Medienbericht / 3. Mai: An diesem Tag hätte der Finanzbetrug bei der Caritas auffliegen können
Neue Erkenntnisse im Caritas-Finanzskandal: Laut dem Rechercheportal Reporter war ein Wirtschaftsprüfer bereits am 3. Mai zweifelhaften Überweisungen auf der Spur. Es wurde alles getan, um den Vorfall zu vertuschen.
Am 3. Mai 2024 hätte der Finanzbetrug bei der Caritas aufgedeckt und der betroffene Betrag mindestens halbiert werden können, berichtet Reporter am Montagmorgen. Denn an jenem Freitag soll ein Mitarbeiter von Grant Thornton, einer Wirtschaftsprüfungsgesellschaft, die Finanzabteilung der Caritas auf Überweisungen angesprochen haben, die ohne Belege getätigt worden sind – was in der Abteilung Panik ausgelöst haben soll.
Im Anhang der E-Mail des Wirtschaftsprüfers wurde laut Reporter in einer Datei um Erklärungen zu einer Reihe von Überweisungen zwischen Ende Januar und Ende Februar 2024 gebeten. Die fraglichen Gelder seien vom Konto der Caritas bei der BCEE auf mehrere Konten bei der BBVA in Spanien zugunsten der türkischen NGO ASAM geflossen.
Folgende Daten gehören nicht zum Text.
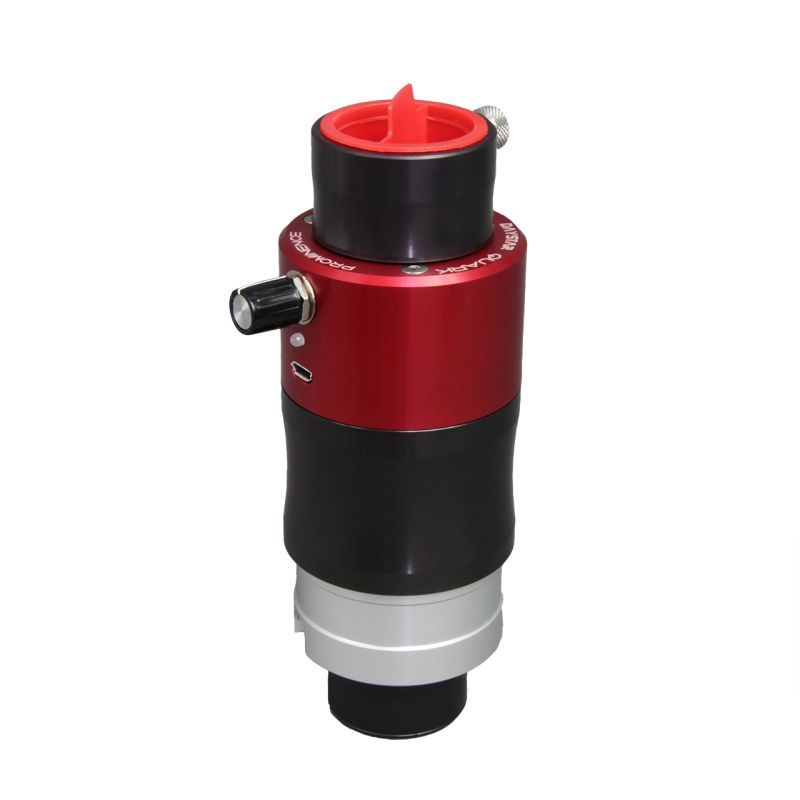 DayStar QUARK Prominence H-Alpha Solar Filter – DSZ4P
Eigentlich arbeite die Partnerorganisation der Caritas aber nur mit Banken aus ihrem Heimatland zusammen.
Es scheine niemanden gestört zu haben, dass die Gelder – die zuvor auf das türkische Konto der Organisation überwiesen worden waren – nun bei einer Bank mit Sitz im spanischen Bilbao gelandet waren. Aber: ASAM war dort nicht tätig und habe auch keinen Grund, dort tätig zu sein, schreibt Reporter. Die türkische NGO ist eine der beiden humanitären Organisationen, die ohne ihr Wissen dafür genutzt wurden, 61 Millionen Euro bei der Caritas zu veruntreuen. Die zweite sei der internationale Caritas-Dachverband „Caritas Internationalis“.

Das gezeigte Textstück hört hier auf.